PENSAMENTO PLURAL Brasília, a casa que virou palco do abuso e da contradição, por Palmarí de Lucena

Em seu comentário, o escritor Palmarí de Lucena enfatiza como “a recente obstrução no Congresso expôs uma grave crise ética e institucional, com parlamentares usando seus mandatos para proteger interesses pessoais e atacar a democracia”. Ainda para o autor, “a defesa do foro privilegiado evidencia hipocrisia e blindagem contra a justiça e é urgente resgatar a responsabilidade e a ética parlamentar para restaurar a confiança pública e garantir o pleno funcionamento das instituições democráticas”. Confira íntegra…

Nas últimas semanas, Brasília assistiu a um espetáculo triste e preocupante — o Congresso Nacional, templo da democracia representativa, transformou-se em palco de uma obstrução prolongada, orquestrada por parlamentares que decidiram rasgar o Regimento Interno das Casas, desrespeitar a Constituição e suspender o funcionamento das Mesas Diretoras por mais de trinta horas.

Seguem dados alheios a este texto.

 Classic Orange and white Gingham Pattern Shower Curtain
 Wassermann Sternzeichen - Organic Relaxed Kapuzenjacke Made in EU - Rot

Um gesto que não pode ser entendido senão como um atentado ao Estado Democrático de Direito e uma tentativa explícita de chantagem política.

Esses parlamentares, eleitos para representar o povo, preferiram colocar seus mandatos a serviço da impunidade de um ex-presidente, renunciando à responsabilidade que lhes foi confiada para blindar interesses particulares, em detrimento do interesse coletivo e do funcionamento institucional. Mais que um conflito político, foi um ataque à boa conduta parlamentar, um flagrante desrespeito às normas que regem a ética e a disciplina do Legislativo.

Mas a contradição não para aí. Enquanto se vangloriam de defender a liberdade de expressão, a justiça e a ordem — princípios que deveriam ser a alma da democracia — esses mesmos representantes agem como advogados de seus próprios privilégios. A defesa do foro privilegiado — ainda vigente e alvo de intensos debates — tem funcionado como uma blindagem que impede a responsabilização por atos cometidos no exercício do mandato, garantindo impunidade e dificultando o acesso da Justiça a parlamentares envolvidos em irregularidades.

O paradoxo é que esses mesmos parlamentares, enquanto usam seus mandatos para obstruir o Congresso e proteger interesses próprios, também fazem parte de um movimento para acabar com o foro privilegiado — não para fortalecer a justiça, mas para escapar do alcance do Supremo Tribunal Federal (STF) e transferir seus processos para tribunais estaduais, mais suscetíveis a influências políticas e pressões locais.

É grave imaginar que o mandato parlamentar, instrumento sagrado da soberania popular, tenha sido usado para proteger condutas incompatíveis, para esquivar-se da aplicação da lei e, em casos extremos, até para servir como agente de governos estrangeiros, em prejuízo aos interesses do Brasil. Tal prática contradiz frontalmente o compromisso ético e legal que deveria nortear a atuação dos legisladores.

Esse teatro de abusos, obstruções e defesas hipócritas cria um abismo entre o Parlamento e a sociedade, corroendo a confiança na política e fragilizando as instituições que deveriam garantir a estabilidade democrática. A democracia não se sustenta onde a liberdade é invocada para justificar o desrespeito às regras, nem onde a justiça é silenciada para proteger interesses particulares.

É urgente que os atores políticos recuperem o senso de responsabilidade, respeitem as normas regimentais e restabeleçam a ética parlamentar. Só assim o Congresso poderá voltar a ser o verdadeiro guardião da Constituição e o legítimo representante do povo brasileiro, em vez de palco para interesses obscuros e abusos de poder.

Porque, no fim das contas, a democracia exige coerência entre discurso e ação — e não pode sobreviver ao teatro do abuso e da contradição.